La France du Midi a pour langue maternelle la langue d’oc, que parlait le roi René, et dans laquelle Richard-Cœur-de-Lion et Fréderick de Hohenstauffen rimaient leurs sirventes. Cette langue, qui ne s’est pas fondue dans le français comme la langue d’oïl et demeure fidèle à son antique origine, a fourni un admirable instrument à un grand poète en pleine activité de génie. Tout le monde a nommé Mistral, même ceux qui ne comprennent pas plus que de l’italien, de l’espagnol ou du portugais, l’idiome particulier qu’il emploie. Chacun a lu Mireio, ce poème plein d’azur et de soleil, où les paysages et les mœurs du Midi sont peints de couleurs si chaudes et si lumineuses, où l’amour s’exprime avec la candeur passionnée d’une idylle de Théocrite, dans un dialecte qui, pour la douceur, l’harmonie, le nombre et la richesse, ne le cède en rien au grec et au latin. Le succès a été plus grand qu’on n’eût osé l’espérer pour un livre écrit en une langue inconnue de la plupart des lecteurs ; mais Frédéric Mistral, qui sait aussi le français, avait accompagné son texte d’une version excellente, et presque tout le charme se conservait comme dans ces Lieder de Henri Heine traduits par lui-même. Calendau est une légende sur l’histoire de Provence, qui, pour la conduite du récit, l’intérêt des épisodes, l’éclat des peintures, le relief et la grandeur des personnages mis en action, l’allure héroïque du style, mérite à juste titre le nom d’épopée.

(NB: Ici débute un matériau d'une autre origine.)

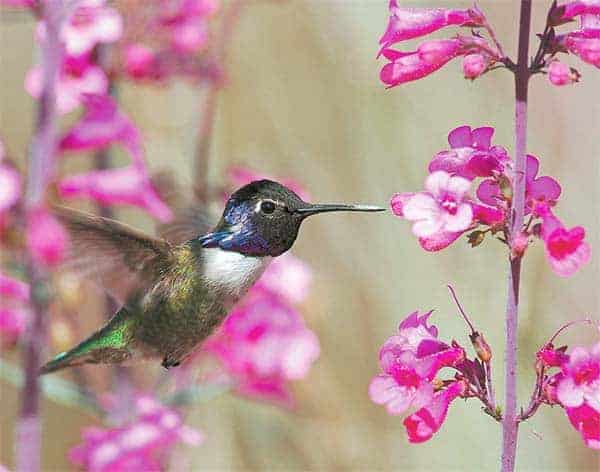 HummingbirdPenstemonTucson Hummingbird Penstemon Tucson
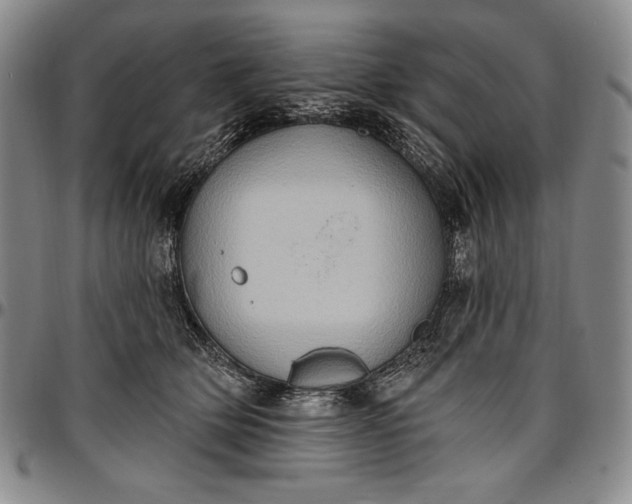 X0000096680514200802191355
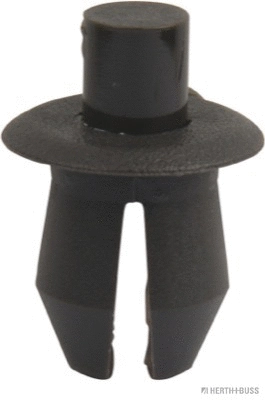 Expanding Rivet (50267085)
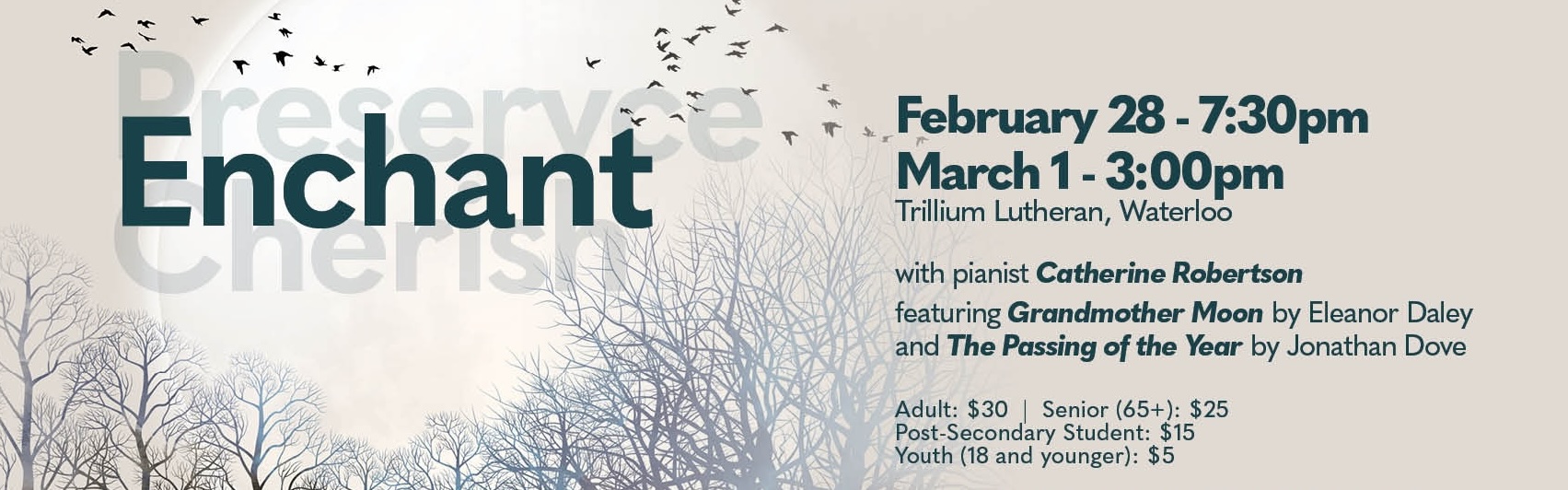 FacebookCover_Concert2 copy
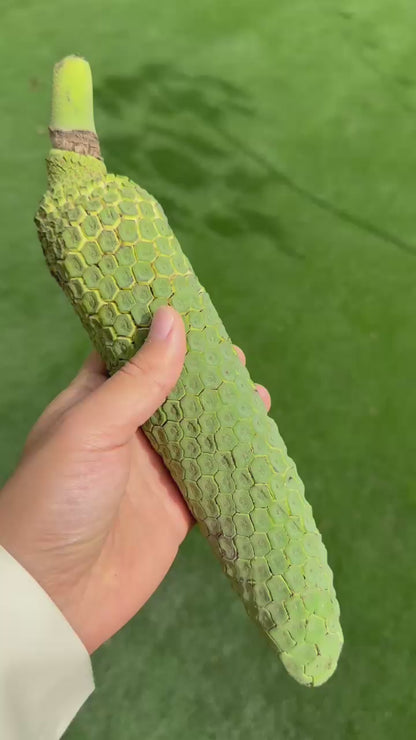 Monstera Fruit - FRESH FRUIT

Comme Tomasso Grossi et Carlo Porta de Milan, l’auteur de cette Vision de Prina, proclamée par Stendhal le plus beau morceau de poésie moderne ; comme Baffo et Buratti de Venise, qui a eu l’honneur de donner le la au Beppo et au Don Juan de lord Byron, Mistral a eu ce malheur d’être un grand poète dans un idiome qui n’est entendu que par un public restreint. Ce malheur, il faut le dire, ne l’afflige pas beaucoup, car, selon lui, le français n’est compris que dans huit ou dix départements du centre. Dans une trentaine d’autres, on parle le basque, l’espagnol, le celte, l’allemand, le wallon, l’italien, sans compter les patois, tandis que le provençal ou la langue d’oc compte pour elle quinze millions d’hommes.

Auprès de Mistral, il est juste de placer Aubanel, auteur de la Grenade entr’ouverte, dont les vers ont la fraîcheur vermeille des rubis que laisse voir en se séparant la blonde écorce de ce fruit, évidemment méridional.